When you copy the data, keep every word exactly as it is and leave the pictures out.

▶ Given information
·····

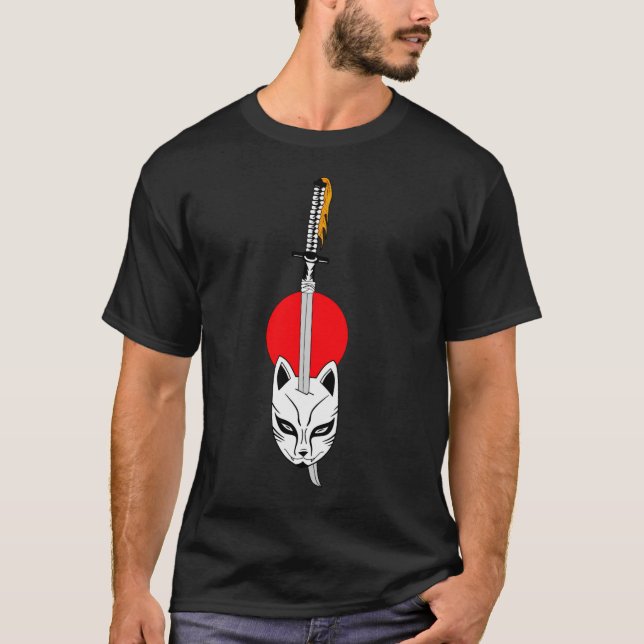 Camiseta Katana e máscara (Frente)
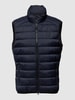 Marc O'Polo Bodywarmer met opstaande kraag Marineblauw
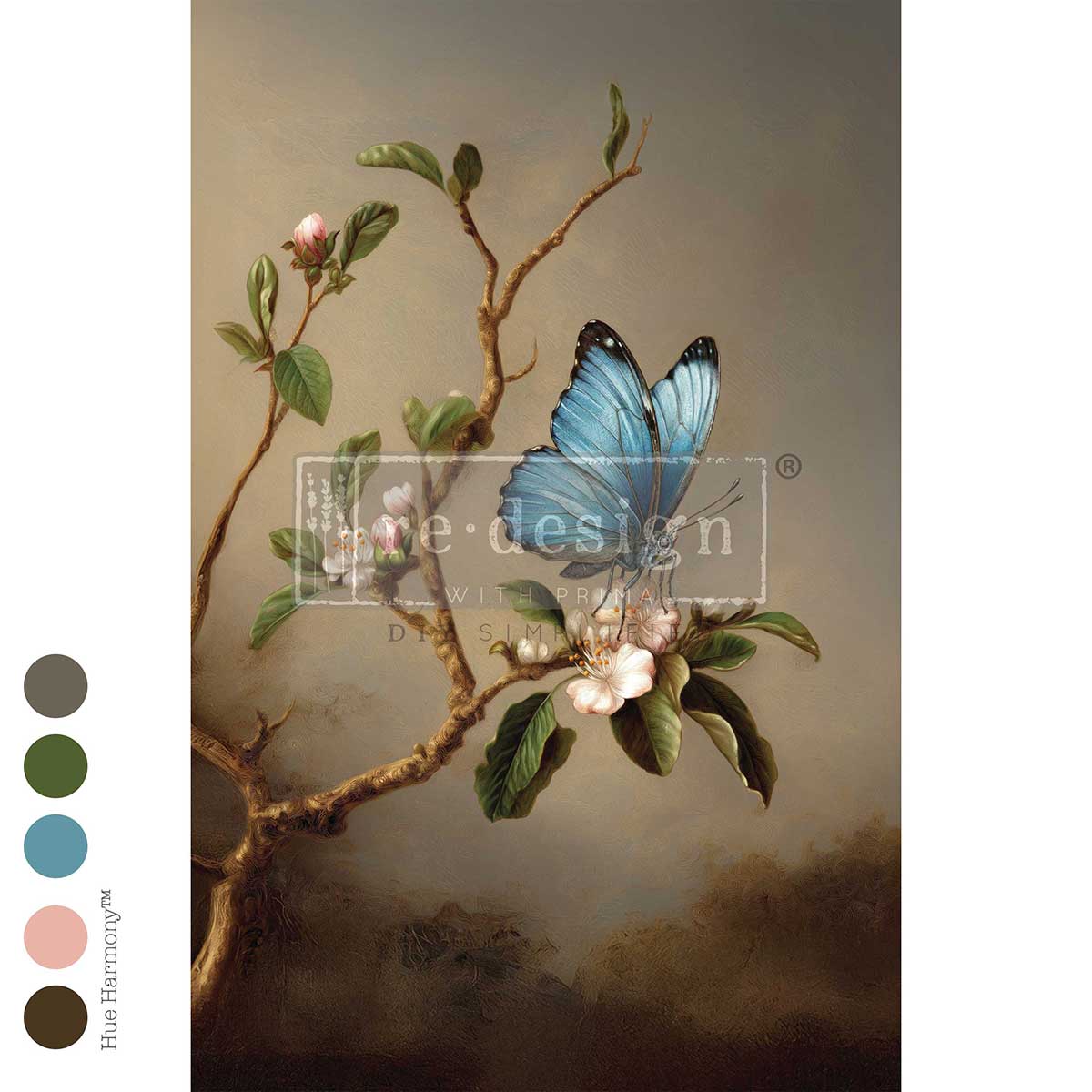 Decoupage Fiber – Cerulean Soliloquy– 1 sheet  19.5"x 30"
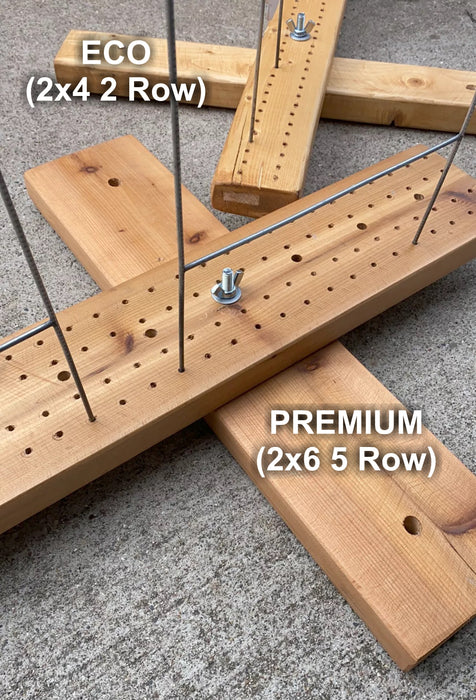 4ft Wood Stand - Economical 2 Rows Holes (Black Stain Only)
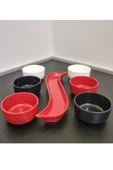 7 Parça Kahvaltı Seti Sosluk İftariyelik Çerezlik Kırılmaz Melamin Çap 7 cm - 2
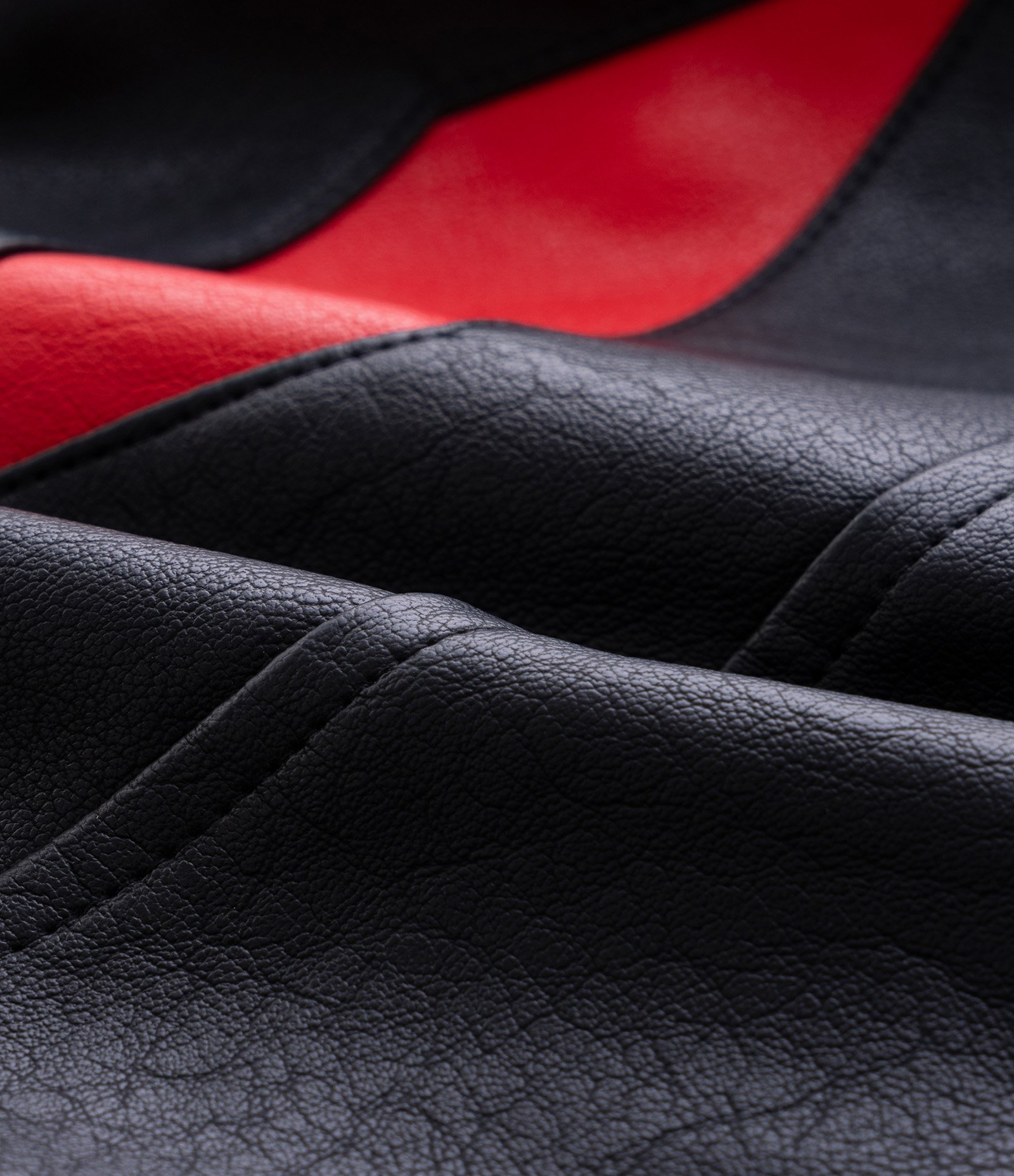 Jaqueta Masculina PU Thriller com Painéis Contrastantes Preto 7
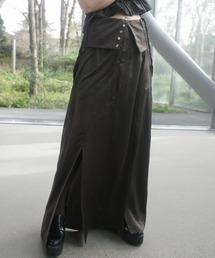 Ameri(�A����)��CRUSHED SATIN ARRANGE CORD SKIRT(�X�J�[�g)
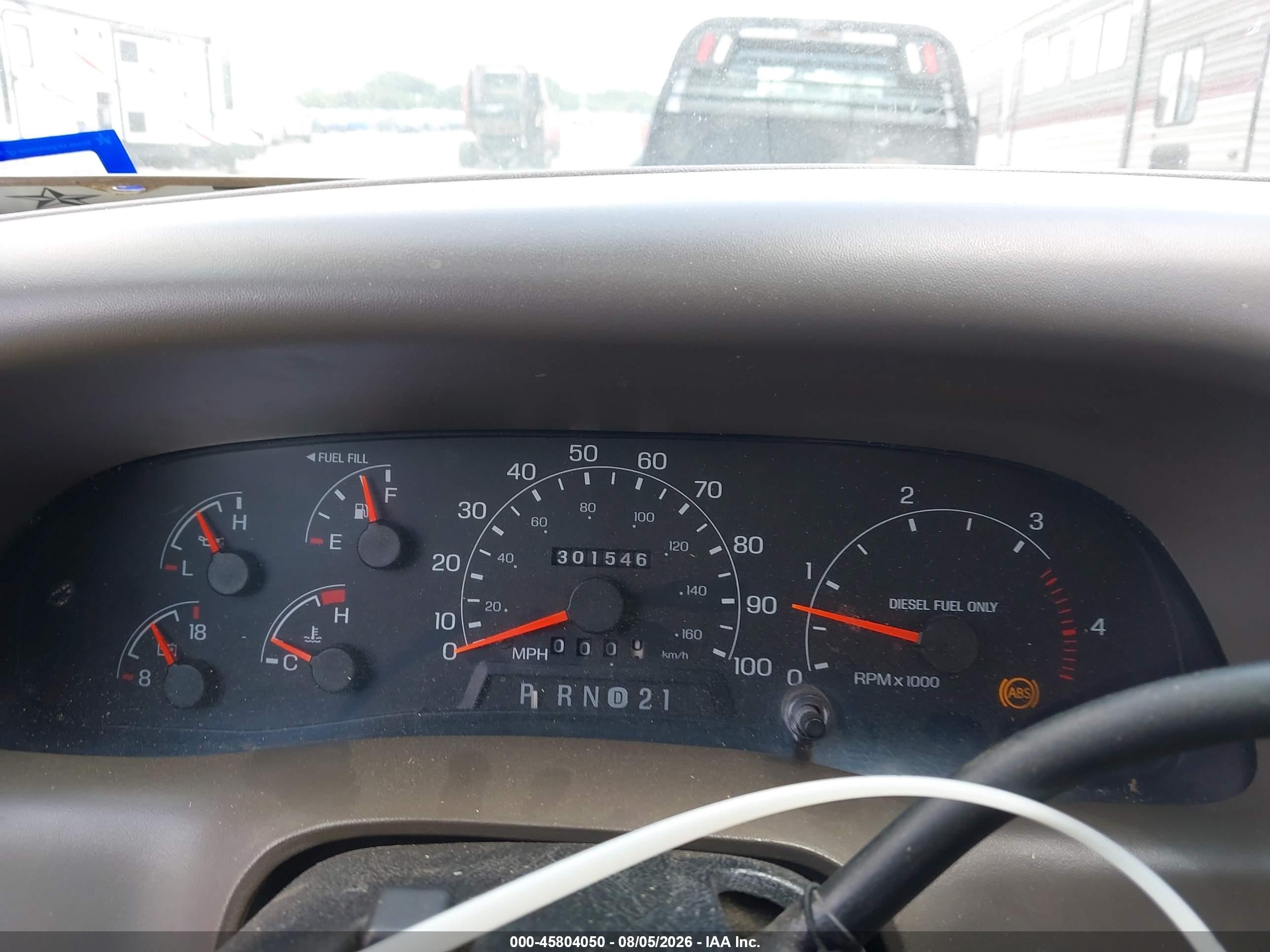 2001 Ford F-250 Lariat/xl/xlt Green vin: 1FTNW20F31ED56354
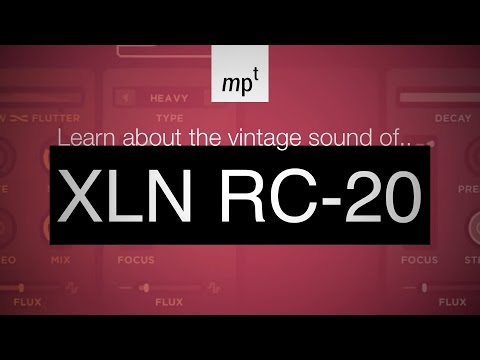 XLN RC-20 Plugin for Vintage Tape, Distortion and more. Demonstrated in detail using Ableton Live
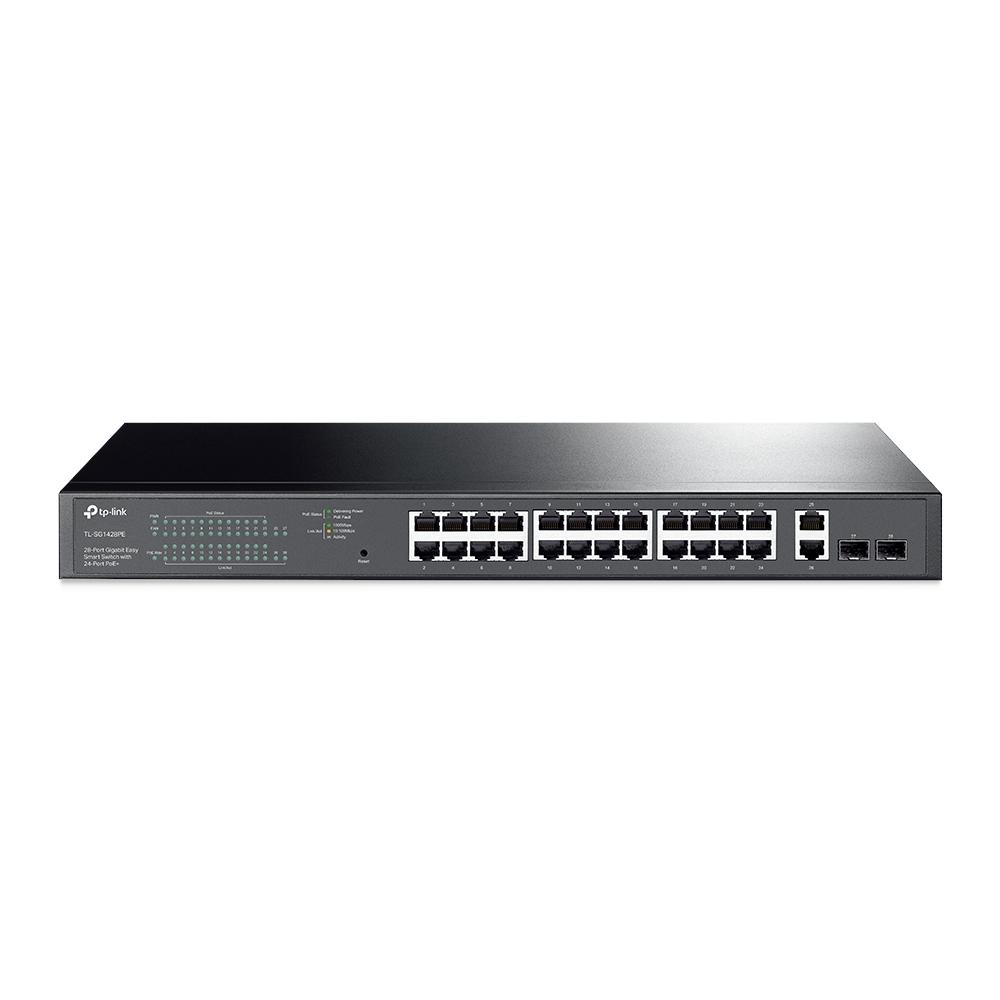 TP-Link JetStream TL-SG1428PE, 28-Port Gigabit Easy Smart Switch with 24-Port PoE+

·····

▶ Answer space
 Camiseta Katana e máscara (Frente)
 Marc O'Polo Bodywarmer met opstaande kraag Marineblauw
 Decoupage Fiber – Cerulean Soliloquy– 1 sheet  19.5"x 30"
 4ft Wood Stand - Economical 2 Rows Holes (Black Stain Only)
 7 Parça Kahvaltı Seti Sosluk İftariyelik Çerezlik Kırılmaz Melamin Çap 7 cm - 2
 Jaqueta Masculina PU Thriller com Painéis Contrastantes Preto 7
 Ameri(�A����)��CRUSHED SATIN ARRANGE CORD SKIRT(�X�J�[�g)
 2001 Ford F-250 Lariat/xl/xlt Green vin: 1FTNW20F31ED56354
 XLN RC-20 Plugin for Vintage Tape, Distortion and more. Demonstrated in detail using Ableton Live
 TP-Link JetStream TL-SG1428PE, 28-Port Gigabit Easy Smart Switch with 24-Port PoE+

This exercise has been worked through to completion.